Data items
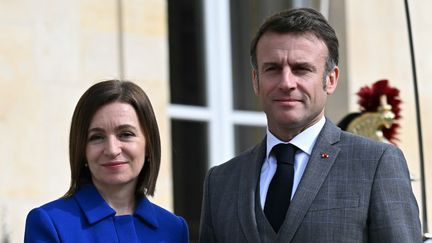 La présidente moldave Maia Sandu et le président français Emmanuel Macron devant l'Elysée à Paris, le 7 mars 2024. (BERTRAND GUAY / AFP)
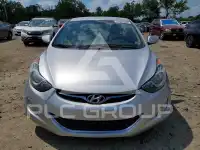 2013 Hyundai Elantra photo
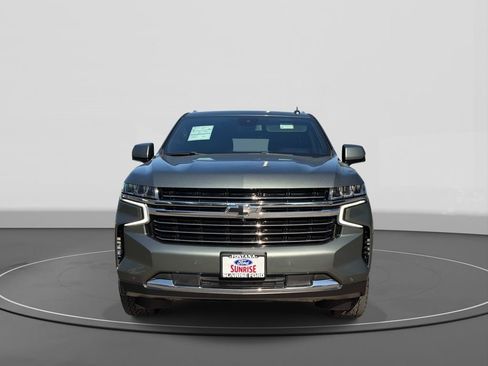 Used 2024 Chevrolet Tahoe LT w/ Luxury Package AWD/4WD image 3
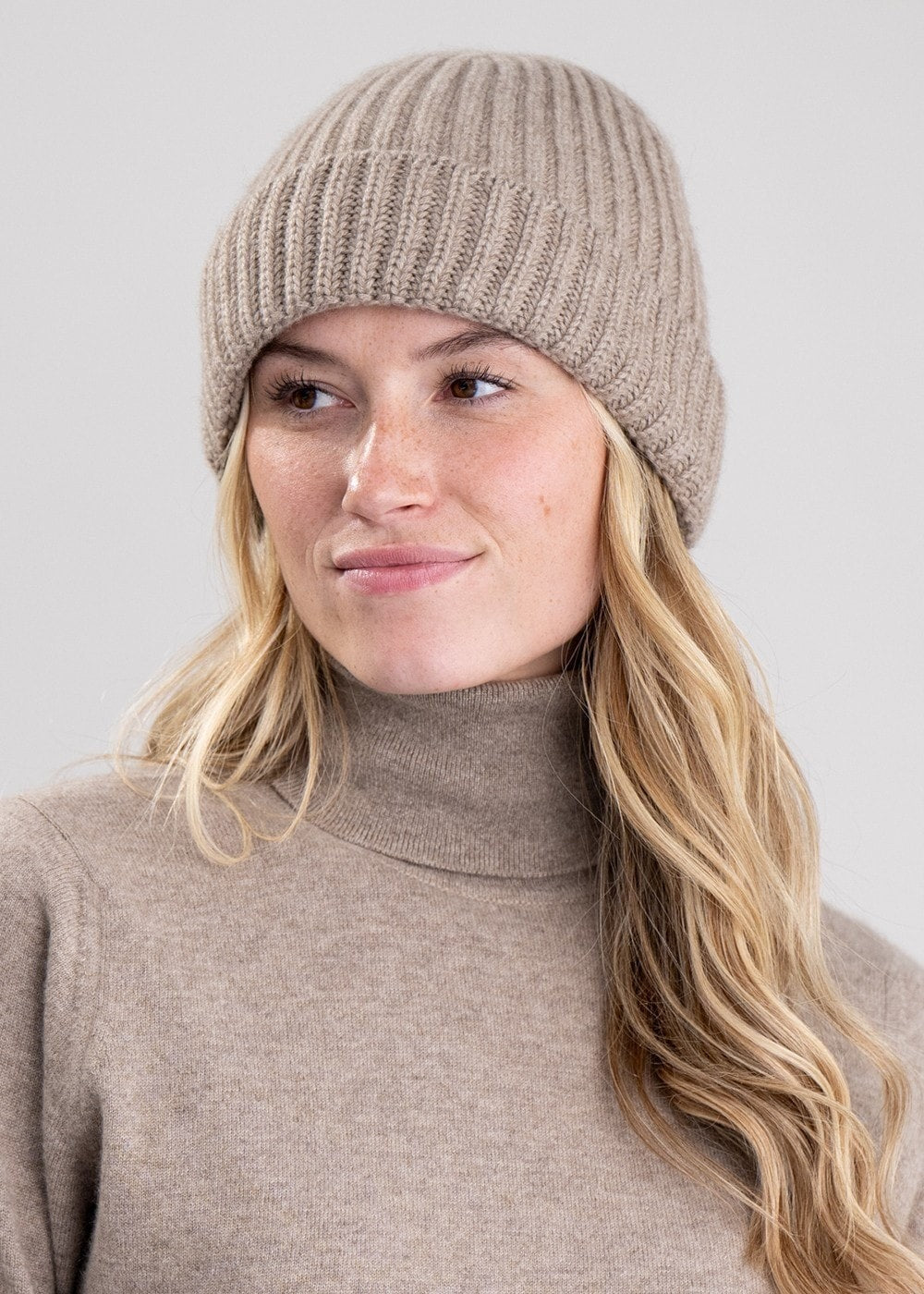 Jude Cashmere Beanie - Dark Natural - 2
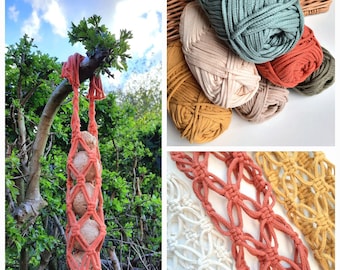 Bird fat-ball feeder, eco-friendly suet feeder for birds, pure cotton macrame bird feeder for fat-balls and fruit, garden, balcony, window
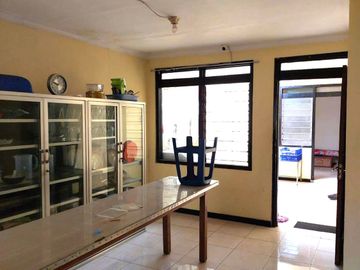 Rumah Hook Luas dan Strategis di Tepi Jalan Lempongsari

[How to complete this task]
When pictures appear in the records above, leave them out and reproduce exactly each line from the first through the line containing "Jude Cashmere Beanie - Dark Natural - 2", both included.

[The completed task]
 La présidente moldave Maia Sandu et le président français Emmanuel Macron devant l'Elysée à Paris, le 7 mars 2024. (BERTRAND GUAY / AFP)
 2013 Hyundai Elantra photo
 Used 2024 Chevrolet Tahoe LT w/ Luxury Package AWD/4WD image 3
 Jude Cashmere Beanie - Dark Natural - 2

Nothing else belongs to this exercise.